### [Exercise objective]
Print the data below exactly as it stands, and keep the pictures out.

Records to use section start

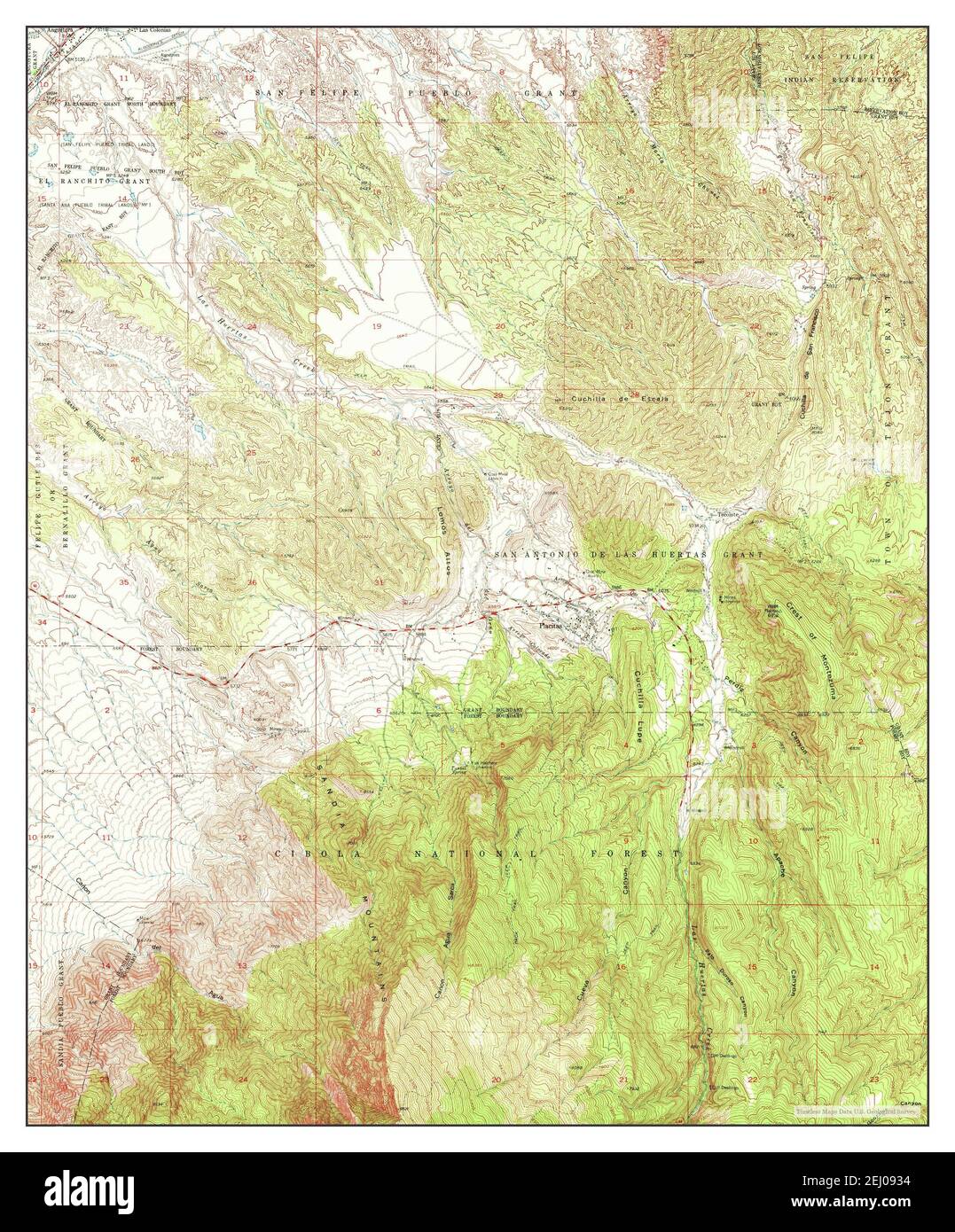 Placitas new mexico map
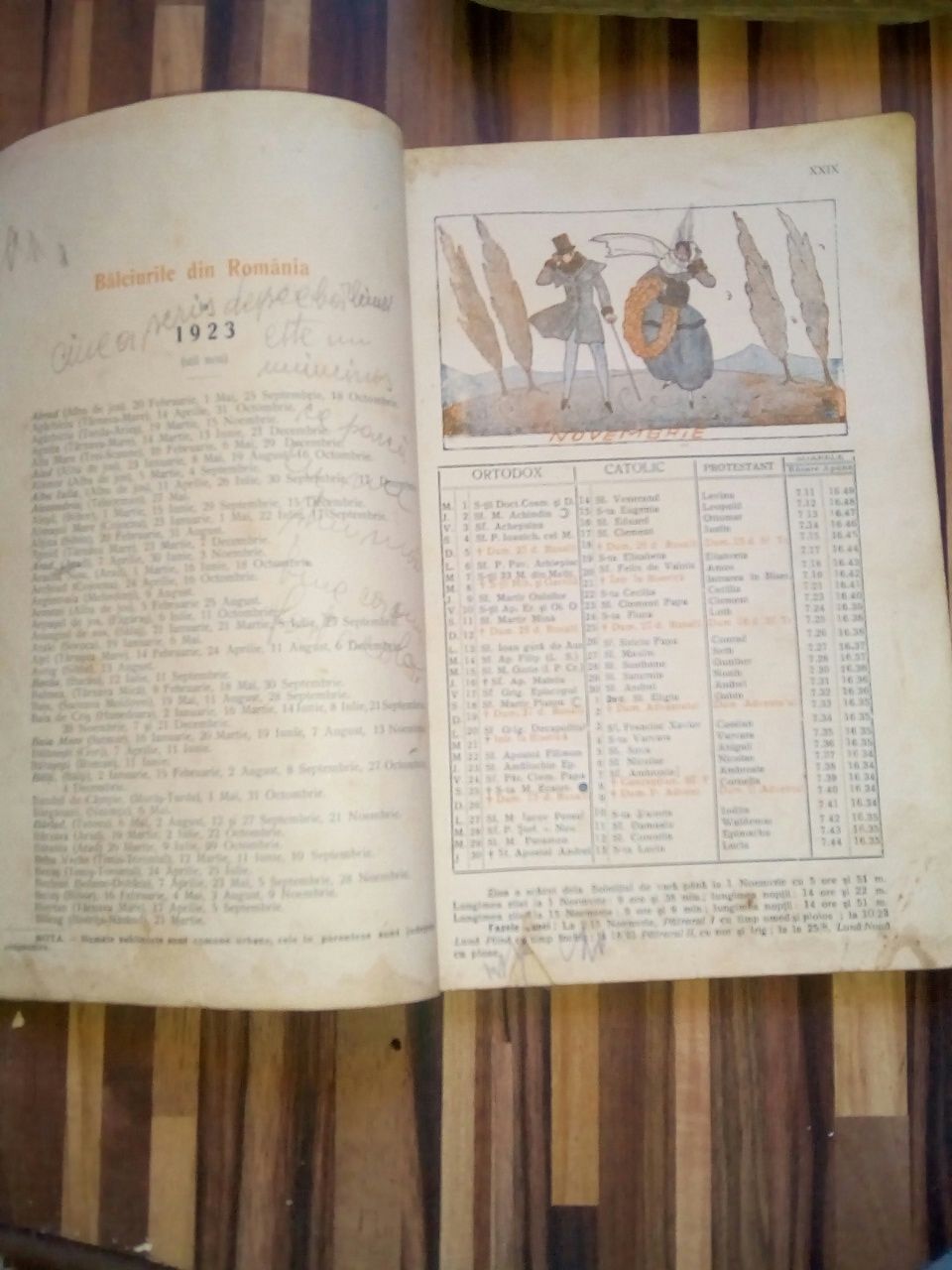 Calendarul Lumea Ilustrata 1923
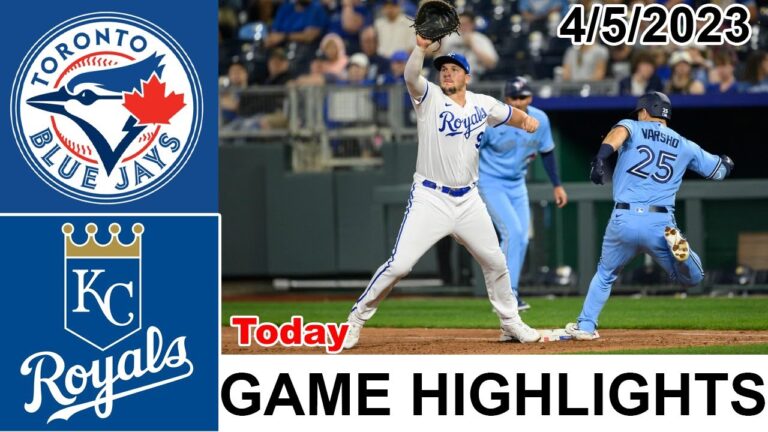 トロント・ブルージェイズ VS. カンザスシティ・ロイヤルズ ゲームのハイライト |  MLB トゥデイ 2023 年 4 月 5 日 |  MLB 2023
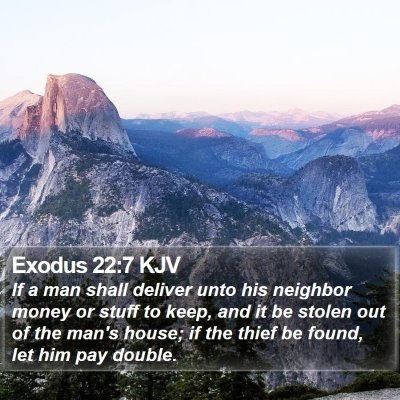 Exodus 22:7 KJV Bible Verse Image
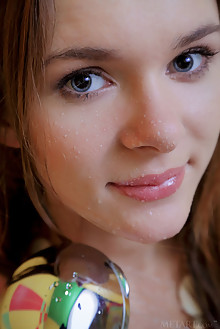 Katie A in Emolen by Arkisi indoor brunette blue eyes petite...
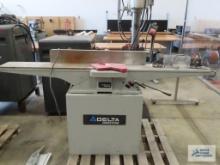 Delta, single phase, 8-inch jointer with base. Model number 37-877, serial number 010867.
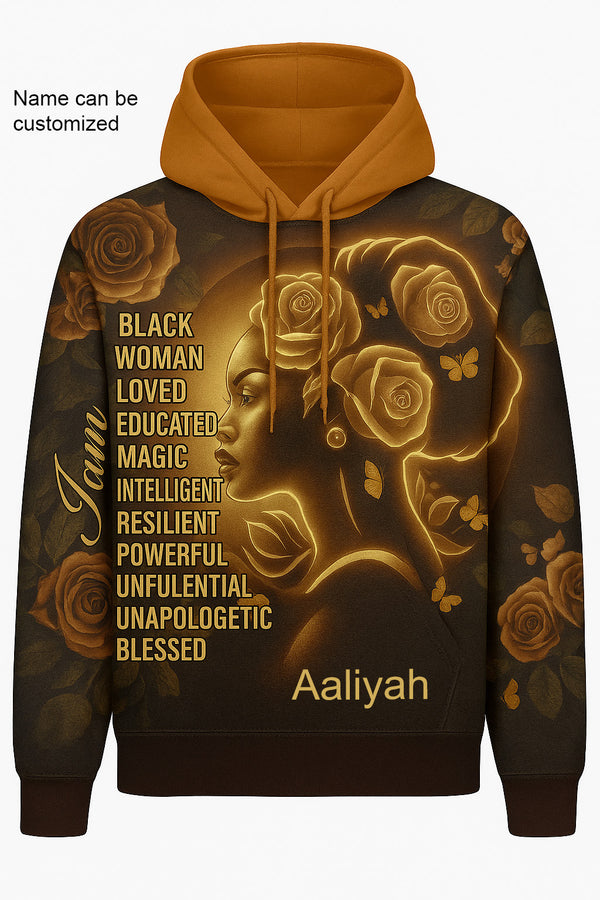 EmpowerHer – Black Woman Magic Hoodie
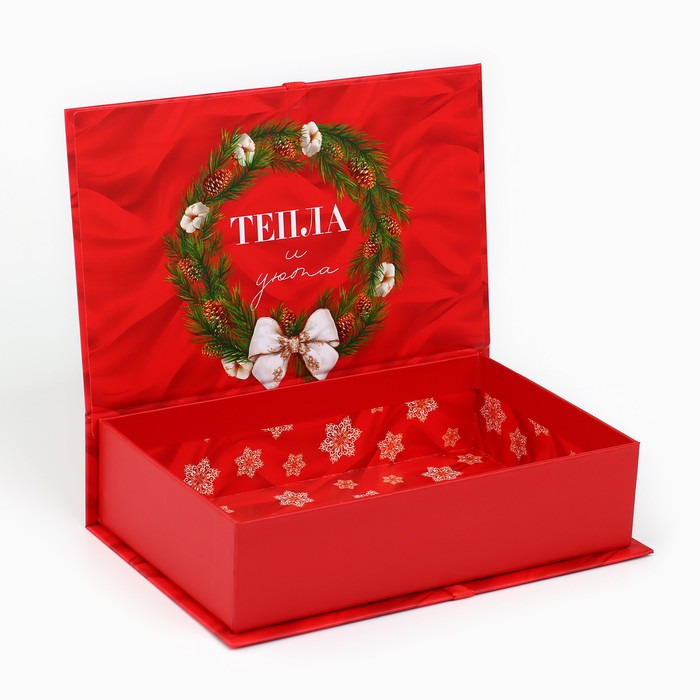 Коробка "тепла и уюта" 20х12х5см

Records to use section end

### [Response area]
 Placitas new mexico map
 Calendarul Lumea Ilustrata 1923
 トロント・ブルージェイズ VS. カンザスシティ・ロイヤルズ ゲームのハイライト |  MLB トゥデイ 2023 年 4 月 5 日 |  MLB 2023
 Exodus 22:7 KJV Bible Verse Image
 Katie A in Emolen by Arkisi indoor brunette blue eyes petite...
 Delta, single phase, 8-inch jointer with base. Model number 37-877, serial number 010867.
 EmpowerHer – Black Woman Magic Hoodie
 Коробка "тепла и уюта" 20х12х5см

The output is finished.